## [Work item]
The reply must repeat the listing below exactly and carry none of its pictures.

## [Data block]
== Segment start ==

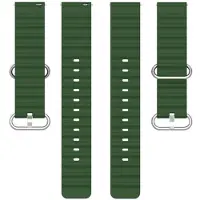 CaseOnline Ocean Kellon ranneke OnePlus Watch 2R - Army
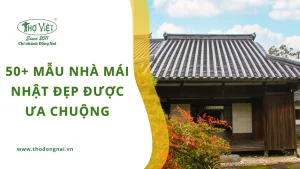50+ mẫu nhà mái nhật đẹp được ưa chuộng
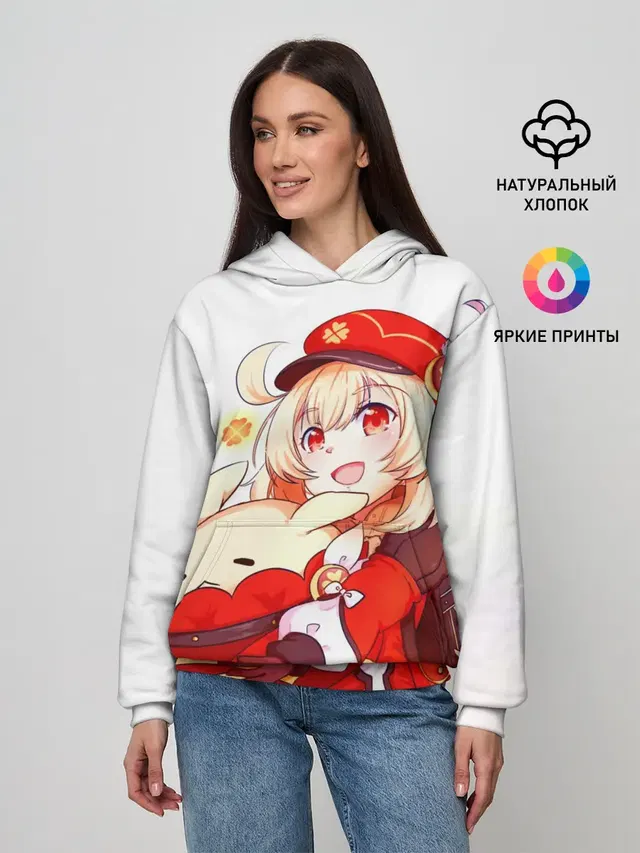 Геншин Импакт Кли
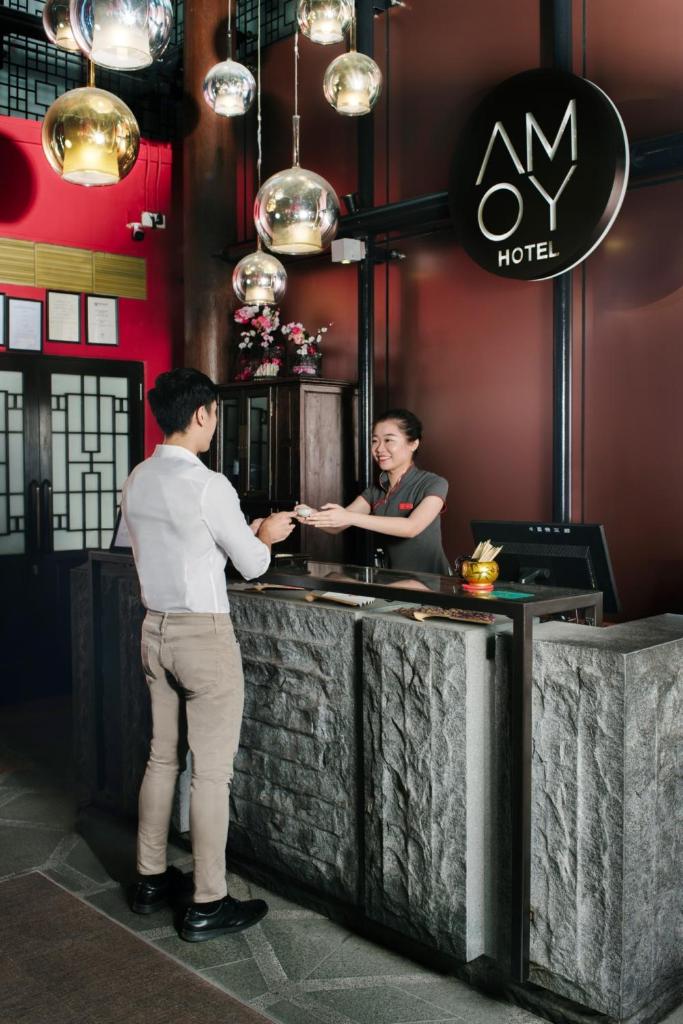 AMOY by Far East Hospitality photo 3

== Segment end ==

## [Written response]
 CaseOnline Ocean Kellon ranneke OnePlus Watch 2R - Army
50+ mẫu nhà mái nhật đẹp được ưa chuộng
 Геншин Импакт Кли
 AMOY by Far East Hospitality photo 3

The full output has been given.